4. Grand and Toy does have a sustainable market because there overall sales had grown nearly 35% from 1998 to 2000. In the same period saes had grown from $480 million Canadian to $645 million, while profits rose at an even greater rate. With G& T moving forward with its Ecommerce strategy which they expect to see fifty percent of its sales through in the next three years and always knowing they may have to change it in the future they are able to face traditional and non traditional competitors.
5. Grand & Toy need to design well develop marketing plan to execute above strategies. Computer, Software and technological goods market expected to grow more than 20 per cent. Grand & Toy should aware of this growth and they should expand technological goods capacity. They must offer good deal to government agencies, educational institutions, small and big businesses to convince them to purchase products from their stores. Grand & Toy need to improve their web site for online buyer. Customer should find product and service easily by visiting Grand & Toys’ web site. Customer should login, update their information, search products, compare products specification, compare price, buy products, and check the status of the delivery easier than other competitor’s web site.

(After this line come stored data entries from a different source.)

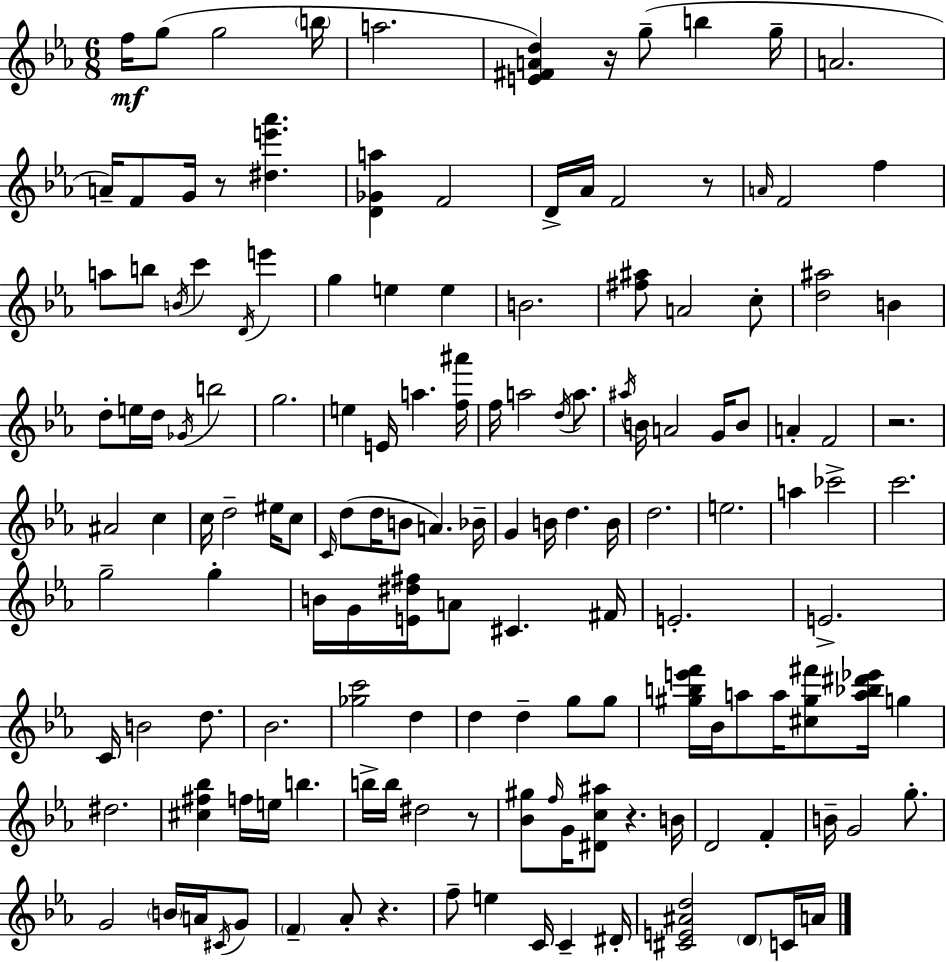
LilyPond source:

{
  \clef treble
  \numericTimeSignature
  \time 6/8
  \key c \minor
  f''16\mf g''8( g''2 \parenthesize b''16 | a''2. | <e' fis' a' d''>4) r16 g''8--( b''4 g''16-- | a'2. | \break a'16--) f'8 g'16 r8 <dis'' e''' aes'''>4. | <d' ges' a''>4 f'2 | d'16-> aes'16 f'2 r8 | \grace { a'16 } f'2 f''4 | \break a''8 b''8 \acciaccatura { b'16 } c'''4 \acciaccatura { d'16 } e'''4 | g''4 e''4 e''4 | b'2. | <fis'' ais''>8 a'2 | \break c''8-. <d'' ais''>2 b'4 | d''8-. e''16 d''16 \acciaccatura { ges'16 } b''2 | g''2. | e''4 e'16 a''4. | \break <f'' ais'''>16 f''16 a''2 | \acciaccatura { d''16 } a''8. \acciaccatura { ais''16 } b'16 a'2 | g'16 b'8 a'4-. f'2 | r2. | \break ais'2 | c''4 c''16 d''2-- | eis''16 c''8 \grace { c'16 }( d''8 d''16 b'8 | a'4.) bes'16-- g'4 b'16 | \break d''4. b'16 d''2. | e''2. | a''4 ces'''2-> | c'''2. | \break g''2-- | g''4-. b'16 g'16 <e' dis'' fis''>16 a'8 | cis'4. fis'16 e'2.-. | e'2.-> | \break c'16 b'2 | d''8. bes'2. | <ges'' c'''>2 | d''4 d''4 d''4-- | \break g''8 g''8 <gis'' b'' e''' f'''>16 bes'16 a''8 a''16 | <cis'' gis'' fis'''>8 <a'' bes'' dis''' ees'''>16 g''4 dis''2. | <cis'' fis'' bes''>4 f''16 | e''16 b''4. b''16-> b''16 dis''2 | \break r8 <bes' gis''>8 \grace { f''16 } g'16 <dis' c'' ais''>8 | r4. b'16 d'2 | f'4-. b'16-- g'2 | g''8.-. g'2 | \break \parenthesize b'16 a'16 \acciaccatura { cis'16 } g'8 \parenthesize f'4-- | aes'8-. r4. f''8-- e''4 | c'16 c'4-- dis'16-. <cis' e' ais' d''>2 | \parenthesize d'8 c'16 a'16 \bar "|."
}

Expand ordering channels: Grand and Toy is the market leader in office product industry in Canada. They should be a leader based on number of retailer, commercial and stockroom stores. They should expand the capacity of the catalogue mail and phone orders. Grand & Toy should customize service and product. Each customer needs and wants different. If Grand & Toy’s satisfies this need they will make customer happy about the service. Therefore Customer Retention, Frequency and Purchase amount will increase.